Thanks for any advice
Does an interest-free loan sound appealing to you or do you have the money available? If the latter, why not have this discussion with the shop and see what they say?
You've never had VAT off and the final payment may be £250, I paid £120.
You still save some money depending on your tax level, the more you pay the more you save. It's about encouraging people to buy bikes to commute to work not about getting a cheap bike.
It's worth remembering:
A) to pay cash for the bike you would have had to earn £1400, to have £1k to spend. This way then is effectively 40% cheaper
B) its an interest free loan, and tax free money
C) the final payment is scalable depending on how long you keep the bike without buying it from you employer, but even after year 1 it's £250 cheaper unless you can get that discount through your LBS. I think after year 4 it's a negligible amount.
My understanding is that HMRC had clarified some issue in the last week or so about VAT and C2W which ate in to saving. Also guidance for Market value of bikes over £5/600 is 25% after a year? I may be accused of abusing scheme as I already share commuting duties between roadrat and knackered giant OCR but am considering swapping OCR for something better - hence the Q
most companies have adopted the 3 year final option which extends the hire for a nominal fee to 3 years (no company ties etc) and reduces final payment to small amount. Cyclescheme website explains it fairly well.
As said above the money is tax free
I charge our C2W staff 5% after a year as a nominal fee to extend the agreement until the value is zero.
As others have said, you still save the tax and its an interst free loan. Ive also found most bike shops give me a 12% discount as we do the C2W paperwork, not them.
When I say paperwork, that actually means a simple form I got off the internet that the employee signs. There is not really any admin to do.
The final value fee of 25% after 1 year's hire imposed by HMRC is only if you end the hire agreement and receive the taxable benefit (bike). If you increase the hire period the residual value upon which HMRC want £ for reduces accordingly. I've just extended the hire period for another 3 years for £70 instead of paying £250 to own my bike.
However, due to some fiddle some company has done the EU have ruled that these types of benefits are subject to VAT on the hire payments!
This should answer your questions [url= http://www.cyclescheme.co.uk/employers/employer-updates/cyclescheme-hmrc-vat-update-faqs ][/url]

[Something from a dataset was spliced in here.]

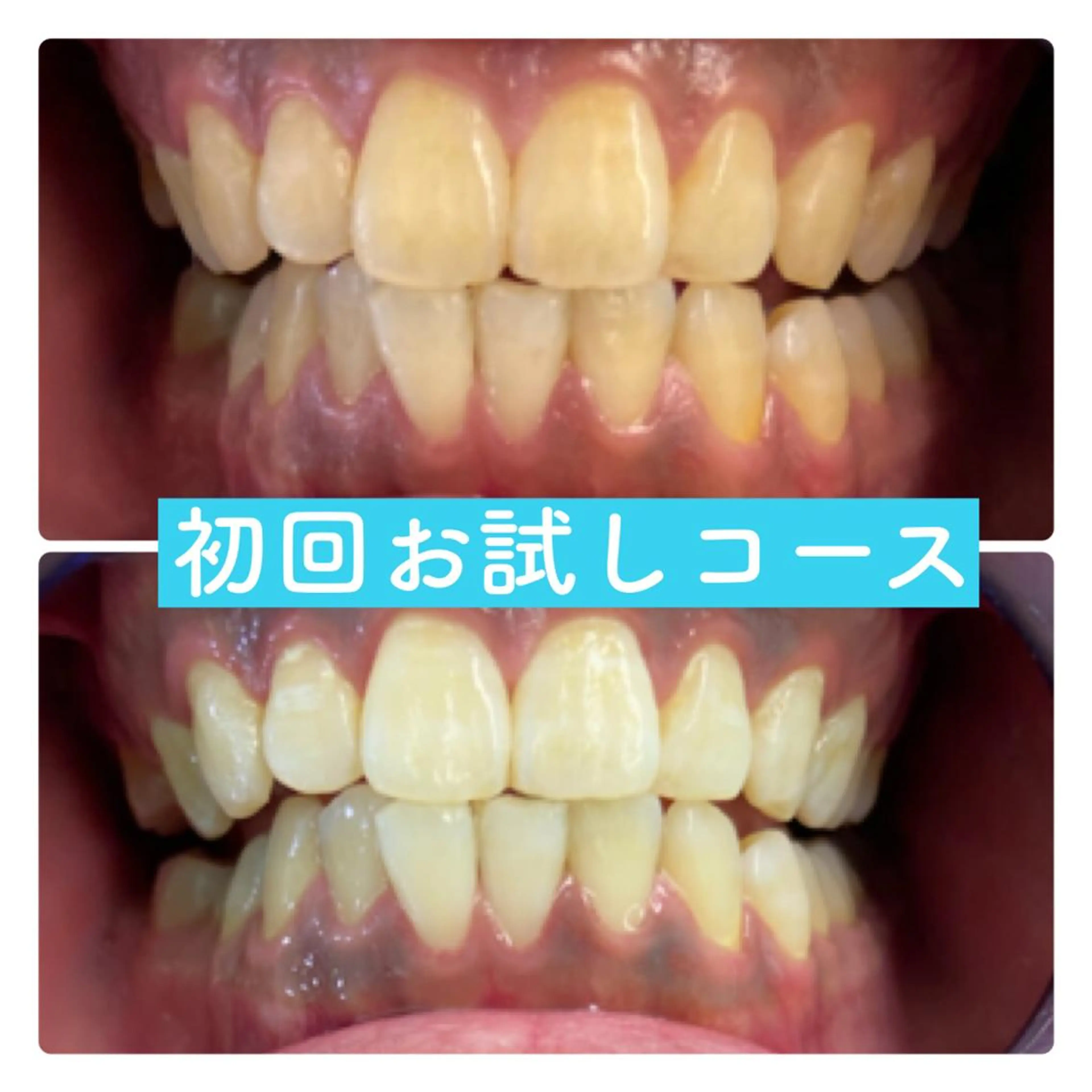 PLATINUM Beauty 横浜店所属・ホワイトニングルーム 横浜店のその他イメージ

I read yesterday that it was HMRC looking at Rolls Royce scheme that led to VAT clarification/change
The final payment seemed ok to me when I looked at it - the extra 3 years or whatever it is definitively did not. That's with cyclescheme though, maybe different with other set ups.
Riding a bike for 4 years that you don't own isn't that appealing to me - it's too long a time period to be committed for, particularly as you're talking about bikes under a grand so not major long term purchases.

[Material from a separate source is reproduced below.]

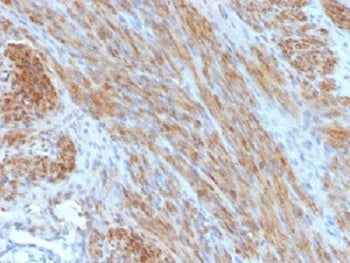 Desmin Antibody (Muscle cell marker)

I think the review of Rolls Royce lead to the final value guidance, not the VAT change.
The answer is that it can still be worth it but it depends on your scheme. If it's done through a commercial operator like Cyclescheme, they will take a cut from the shop which may limit your ability to get sale bikes, or a discount.
Also, the amount that the company charges you varies depending on the scheme. Most companies actually make money on the scheme as they don't have to pay employer's NI on the rental payments, but there's no reason why the rental payments can't be lower to take this into account.

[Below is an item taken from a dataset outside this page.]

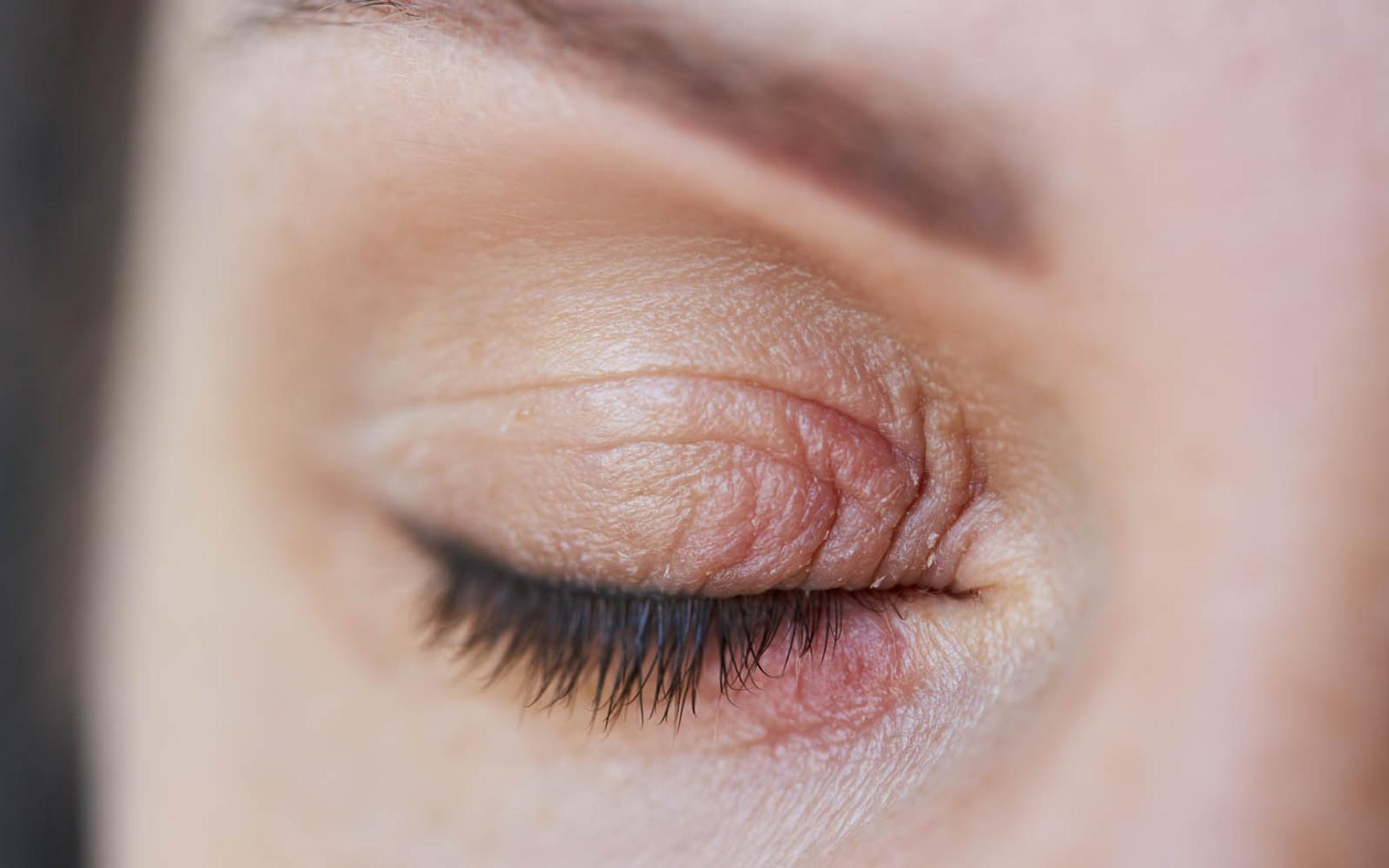 Lukket øyelokk med rødt, flassende eksem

Our lot do it through Cyclescheme and I took the "13th monthly payment to lease for another 3 years at which point it's yours at no extra (as HMRC will have valued it at bugger all" (to paraphrase). This seems to be the 'Scheme's fix for the valuation guidance HMRC issued.
However, I don't like the fact the bike remains the Scheme's and so, if HMRC change things again, I could have yet another set of "rules" applied where I might have to pay more.
Personally I'd rather have taken it as a BIK and paid the income tax on that. Not an option through our lot though.
Is final payment salary sacrifice too or cold hard cash? - ie is £250 at the end of 12 months costing me £250 off take home or £250 of gross salary?